Pulsar connector overview

Messaging systems are most powerful when you can easily use them with external systems like databases and other messaging systems.

Pulsar IO connectors enable you to easily create, deploy, and manage connectors that interact with external systems, such as Apache Cassandra, Aerospike, and many others.

Concept

Pulsar IO connectors come in two types: source and sink.

This diagram illustrates the relationship between source, Pulsar, and sink:

Pulsar IO diagram

Source

Sources feed data from external systems into Pulsar.

Common sources include other messaging systems and firehose-style data pipeline APIs.

For the complete list of Pulsar built-in source connectors, see source connector.

Sink

Sinks feed data from Pulsar into external systems.

Common sinks include other messaging systems and SQL and NoSQL databases.

For the complete list of Pulsar built-in sink connectors, see sink connector.

Processing guarantee

Processing guarantees are used to handle errors when writing messages to Pulsar topics.

Pulsar connectors and Functions use the same processing guarantees as below.

Delivery semanticDescription
at-most-onceEach message sent to a connector is to be processed once or not to be processed.
at-least-onceEach message sent to a connector is to be processed once or more than once.
effectively-onceEach message sent to a connector has one output associated with it.

Processing guarantees for connectors not just rely on Pulsar guarantee but also relate to external systems, that is, the implementation of source and sink.

  • Source: Pulsar ensures that writing messages to Pulsar topics respects the processing guarantees. It is within Pulsar’s control.

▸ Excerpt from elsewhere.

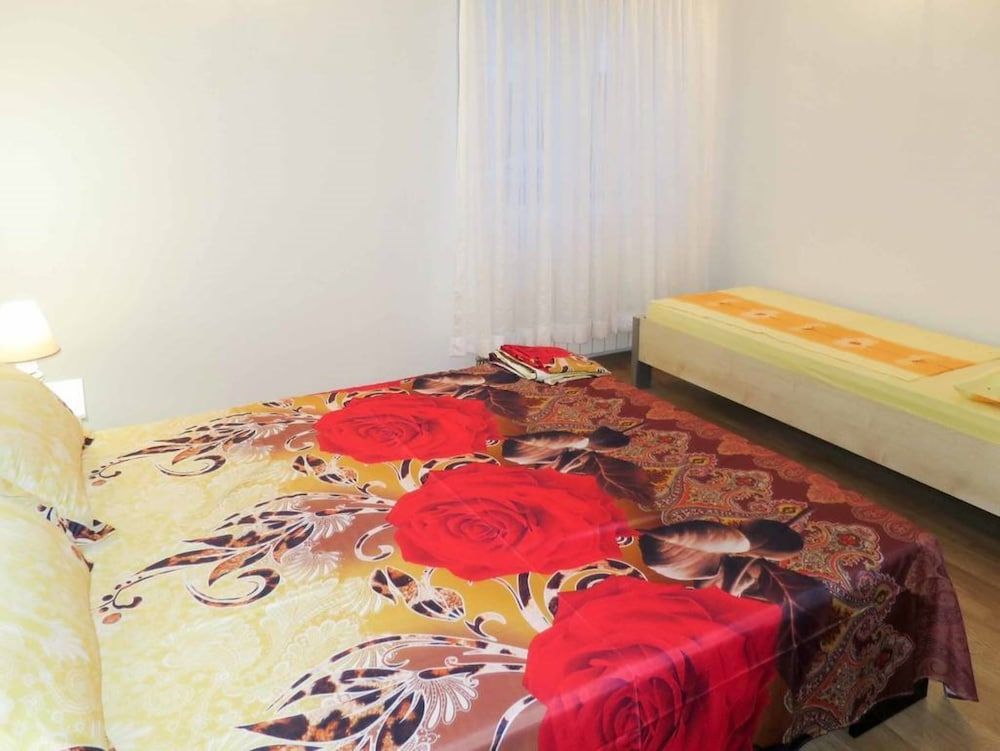 Apartment (Two Bedroom Apartment (Owner Sollis I)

  • Sink: the processing guarantees rely on the sink implementation. If the sink implementation does not handle retries in an idempotent way, the sink does not respect the processing guarantees.

Set

When creating a connector, you can set the processing guarantee with the following semantics:

  • ATLEAST_ONCE

  • ATMOST_ONCE

  • EFFECTIVELY_ONCE

If --processing-guarantees is not specified when creating a connector, the default semantic is ATLEAST_ONCE.

Take Admin CLI as an example. For more information about REST API or JAVA Admin API, see here.

  • Source
  • Sink
  1. bin/pulsar-admin sources create \
  2. --processing-guarantees ATMOST_ONCE \
  3. # Other source configs

For more information about the options of pulsar-admin sources create, see here.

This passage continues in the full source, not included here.